Croisade contre l’Europe. Christiane Taubira ne peut non plus ignorer la défiance entretenue par la profession à l’égard des institutions européennes. Il est vrai que le notariat ne mâche pas ses mots. Alors que les services de la Commission discutent, à Bruxelles, de la modernisation d’une directive relative à la reconnaissance mutuelle des qualifications professionnelles datant de 2005, Benoît Renaud fustige “une Europe de la doctrine, une Europe des eurocrates, une Europe des illusions”. Le débat, porté par le commissaire en charge du Marché intérieur, Michel Barnier – “un Français, pourtant”, s’insurge le président du CSN –, ne concerne pas seulement les notaires mais aussi “les infirmiers, professeurs de ski, détectives privés”. Pour la profession, cette réglementation est inadmissible car “contraire à notre statut de délégataire de l’autorité publique”. Autrement dit, c’est la nomination par la Chancellerie qui fait le notaire et non le diplôme. La ministre semble de cet avis. “Notre détermination sera entière”, lâche-t-elle à l’intention des praticiens, évoquant les négociations européennes.
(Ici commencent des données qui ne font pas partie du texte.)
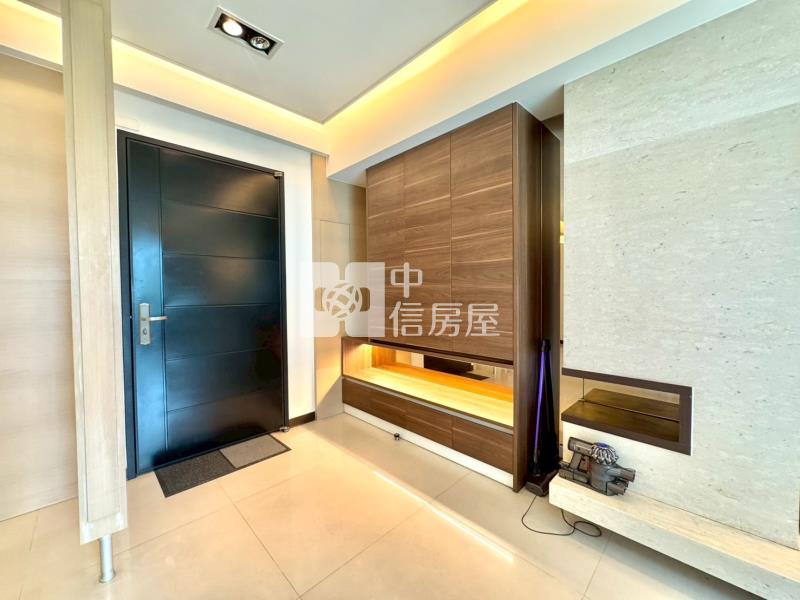 11期日出登陽4房平車房屋室內格局與周邊環境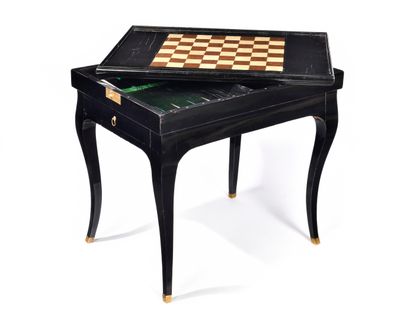 une vieille table de jeu sur laquelle est posé un échiquier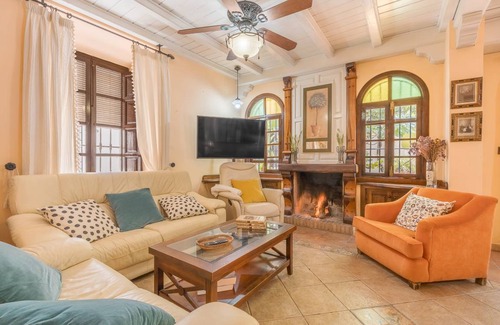 Illora House | 300 m² House ∙ 6 bedrooms ∙ 14 guests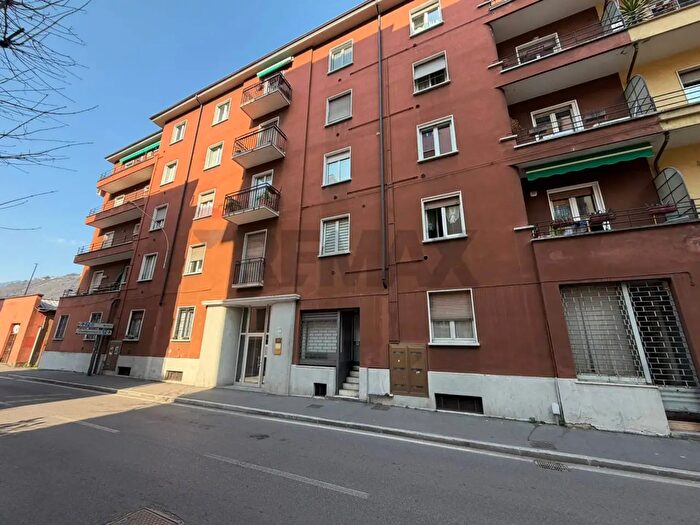 Appartamento bilocale in vendita in Via Palestro, Como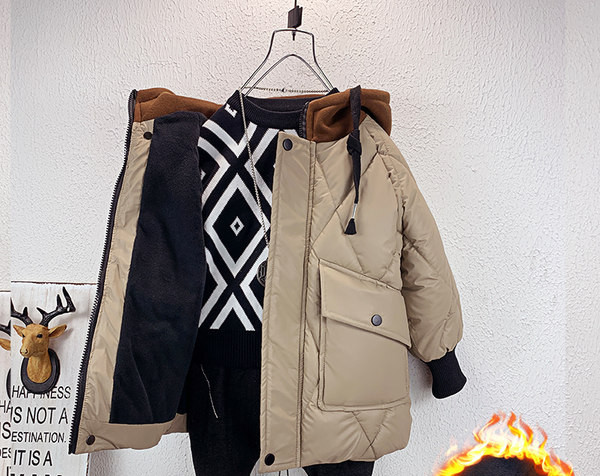 Igapäevane kapuutsiga ja taskutega laste jope - poistele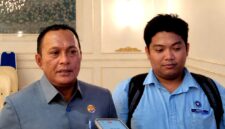 Kowil BGN Pamekasan Haryanto Rahmansyah Tri Arif bersama Ketua Satgas MBG Pamekasan H. Sukriyanto saat sesi wawancara beberapa waktu lalu (LAILIYATUN NURIYAH/KLIK MADURA).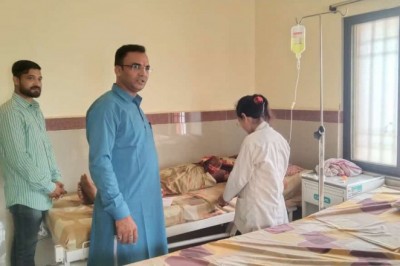 *जिला महामंत्री चुम्मन साहू ने बूचाटोला के प्राथमिक स्वास्थ्य केंद्र का किया निरीक्षण*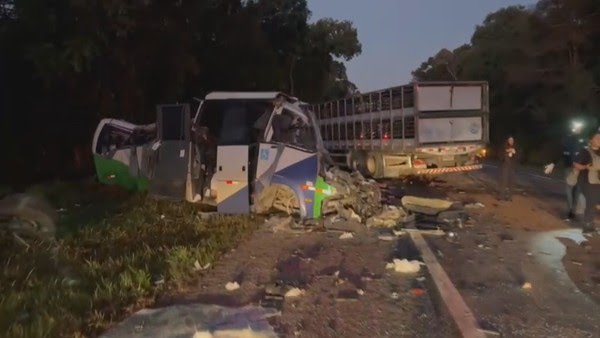 Acidente deixa 23 mortos e 5 feridos no Paraná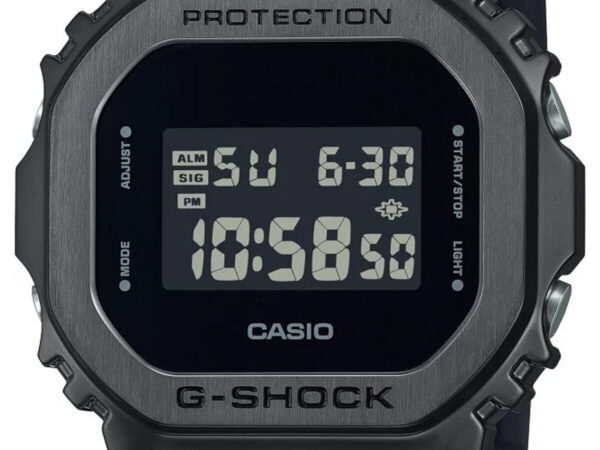 CASIO GM-5600UB-1DR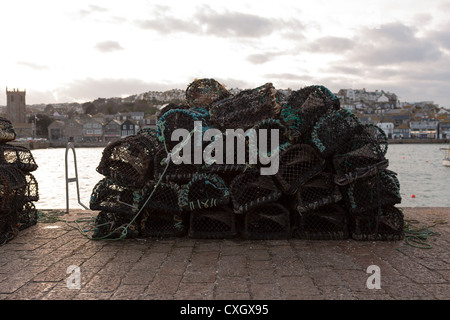 Krabben und Hummer Gatter trocknen am Kai in St. Ives Stockfoto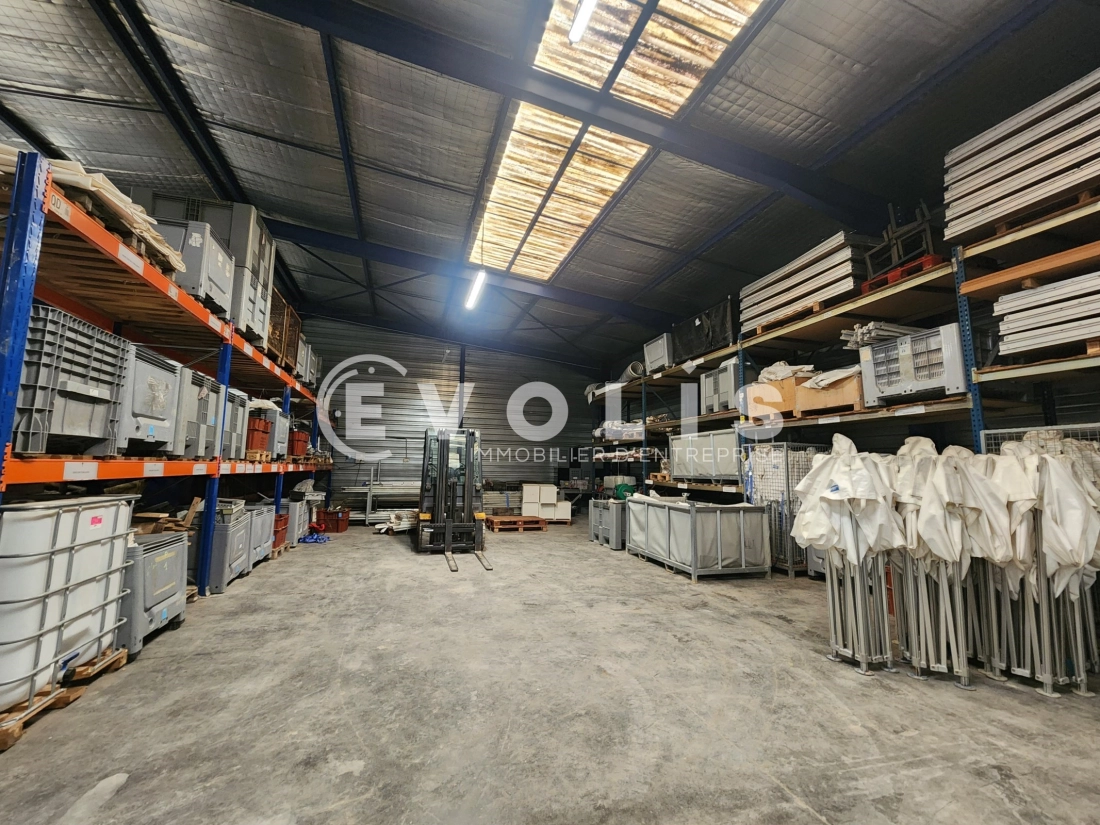 Photo 8 – location Entrepôts / activités	GRENAY (38540)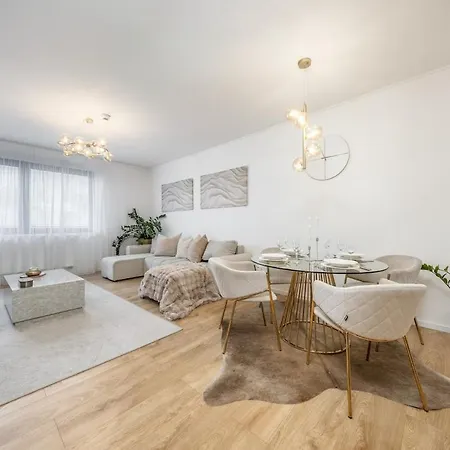 Apartment Luxury 2br - Old Town Center *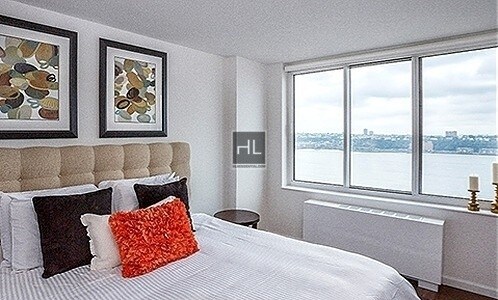 Primary Photo - 1 River Pl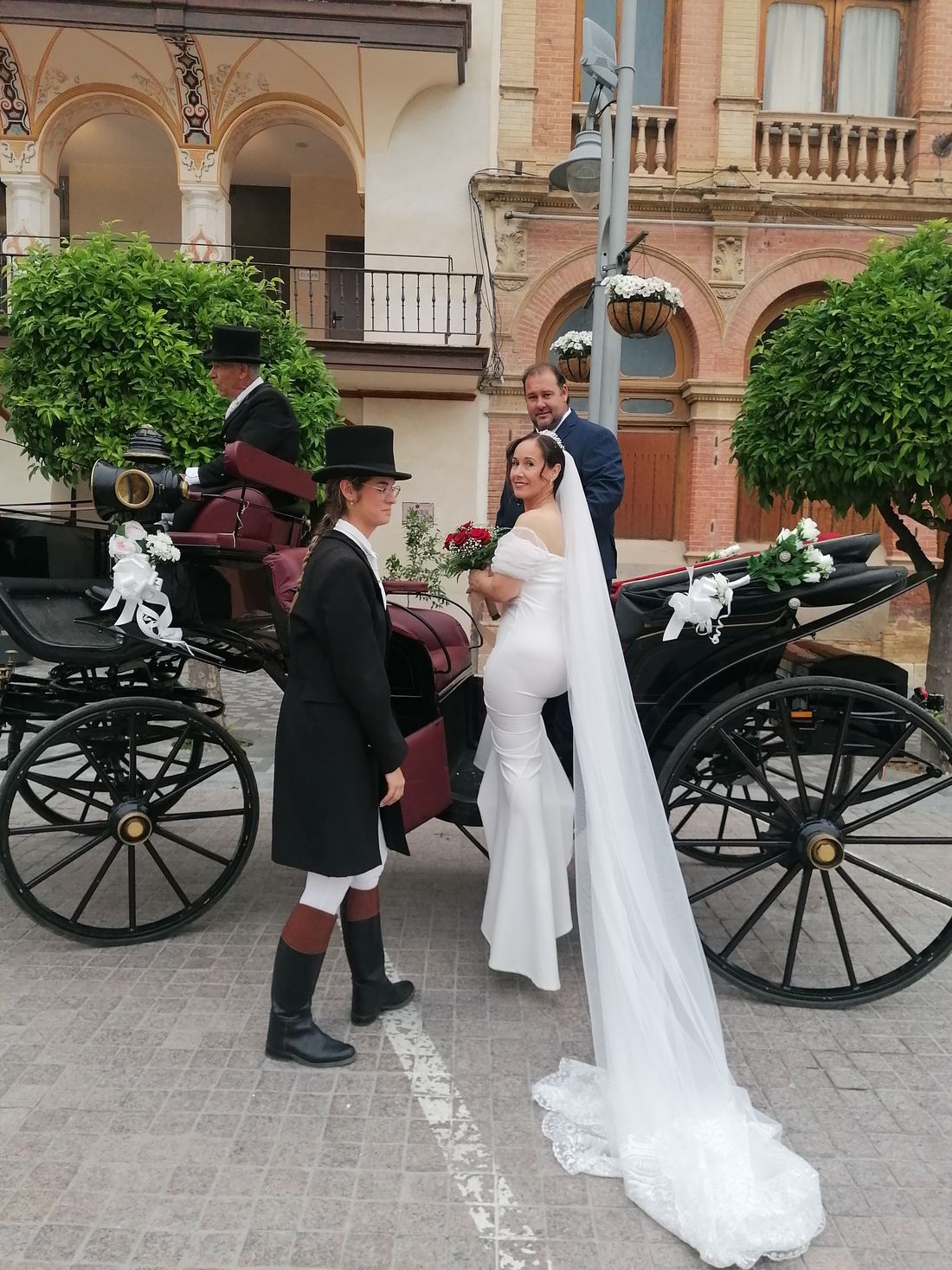 Boda real de Legado Romano — llegada en coche de caballos
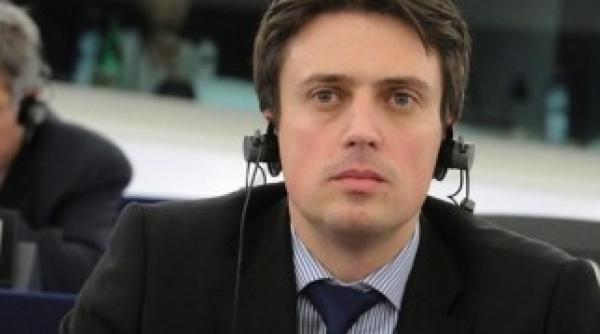 catalin ivan nu ma tenteaza func ia de vicepre edinte al pe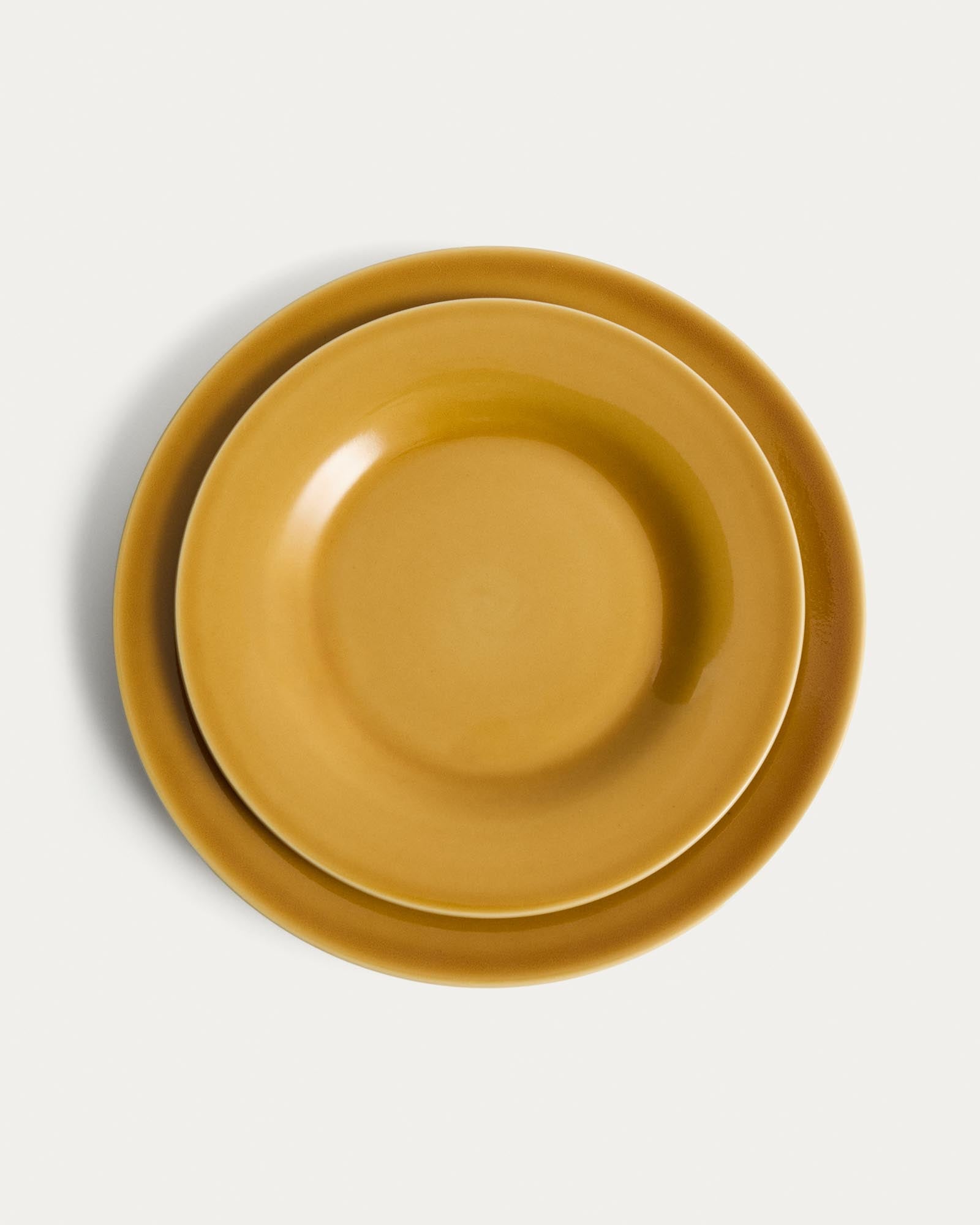 Eleganter, gelber Keramikteller Selune von Kave Home, ideal für stilvolle Tischdekoration und ansprechende Servierideen.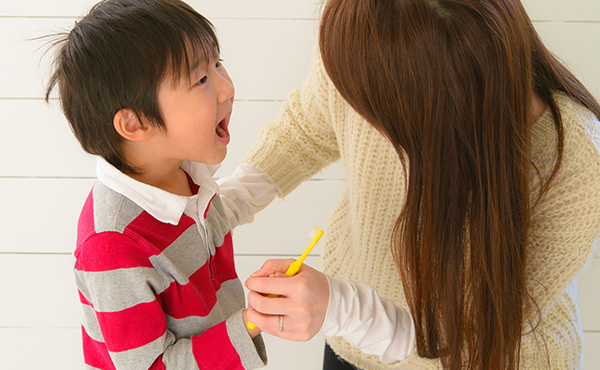 新入園する子どもの口の中のチェックはどのようにしたら良いでしょうか、そのポイントを教えてください。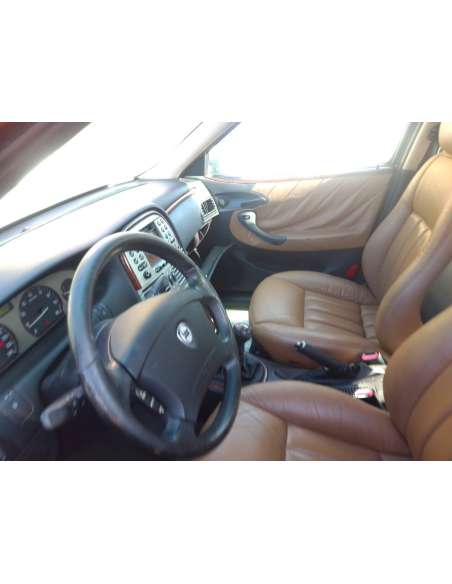 lancia lybra berlina del año 2000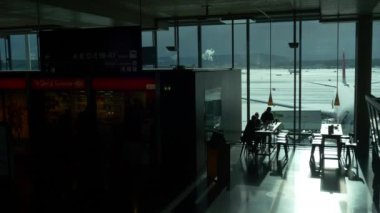 Zürih Havaalanı. İsviçre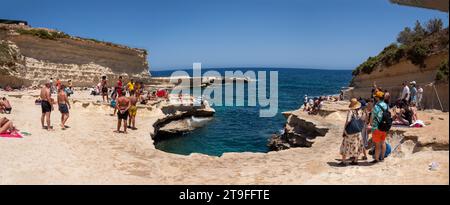 Marsaxlokk, Malta - Mai 2021: St. Peter's Pool ist einer der schönsten und atemberaubendsten natürlichen Swimmingpools in Malta, Europa Stockfoto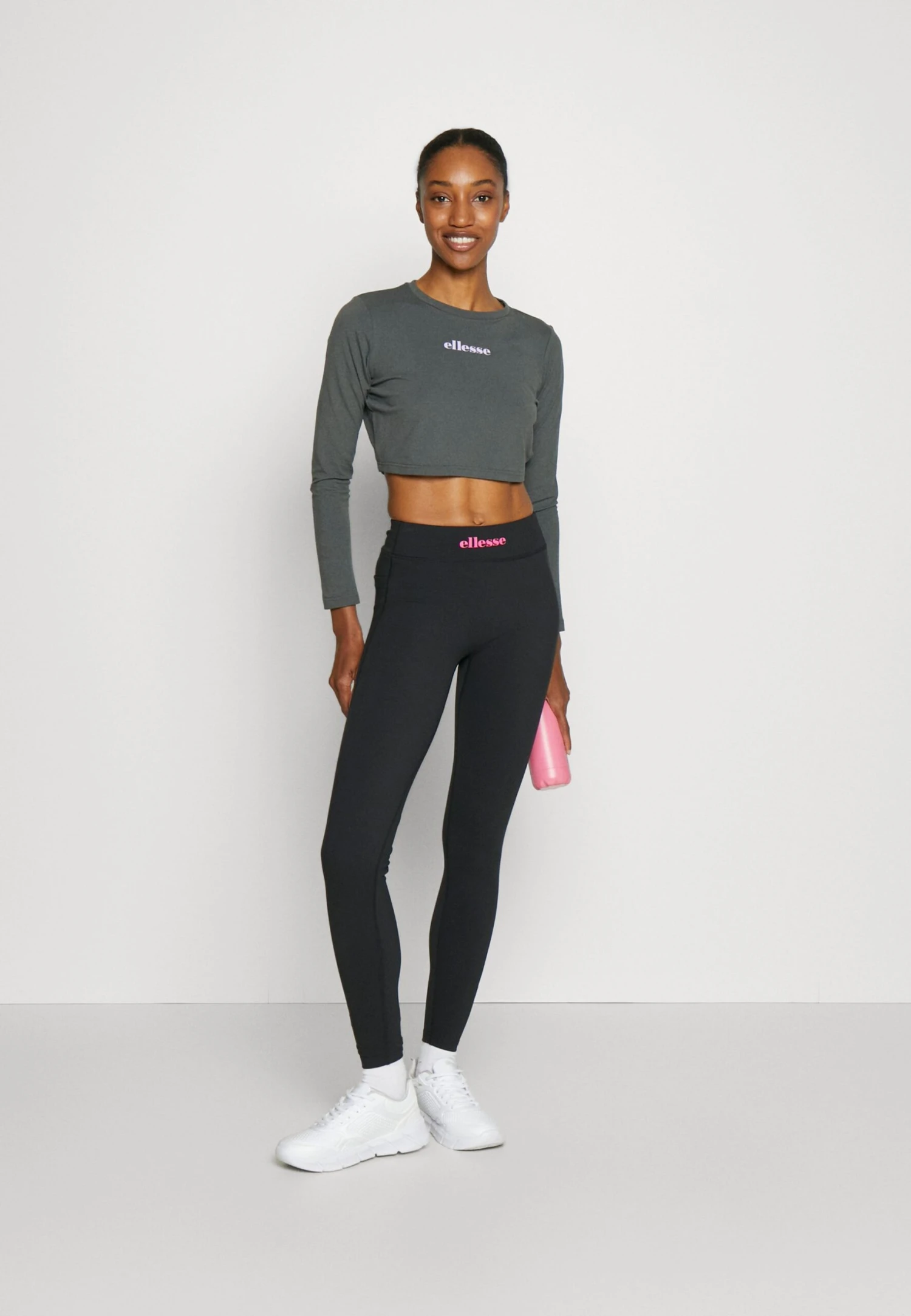 Ellesse ShamsMaglietta A Manica LungaDark Grey Donna T-shirt E Top EL941D05A-C11 2 Ellesse ShamsMaglietta A Manica LungaDark Grey Donna T-shirt E Top EL941D05A-C11 - immagine 2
La ministre admet volontiers ce que le droit doit à la profession, ce qui n’a pas été le cas de tous ses prédécesseurs. “Vous nourrissez, par vos éclairages, certaines politiques publiques”, avance-t-elle. Benoît Renaud n’en est pas peu fier. “Je constate que les notaires inspirent les parlementaires. Et si les juristes au Parlement sont surtout issus du barreau, le vote de lois nées dans nos congrès résonne comme un hommage au travail et à la créativité des notaires, ce qui n’est pas le moindre des paradoxes”, sourit le président du CSN, qui ne peut s’empêcher d’ajouter, taclant les avocats : “chacun son domaine de compétences”.
Confiance présidentielle. Le notariat peut se permettre une pointe d’humour. Le rapport Attali, qui dénonçait en 2007 la “rente de situation” dont bénéficieraient les professionnels, semble loin. Le président Sarkozy avait alors repris à son compte cette formule, suscitant une défiance durable dans les rangs de la profession. François Hollande semble recevoir un meilleur accueil. A Montpellier, cette année, le président du CSN salue la présence du “conseiller à la Justice du président de la République” et ironise : “Une présence d’un conseiller n’a pas été si fréquente dans nos derniers congrès.”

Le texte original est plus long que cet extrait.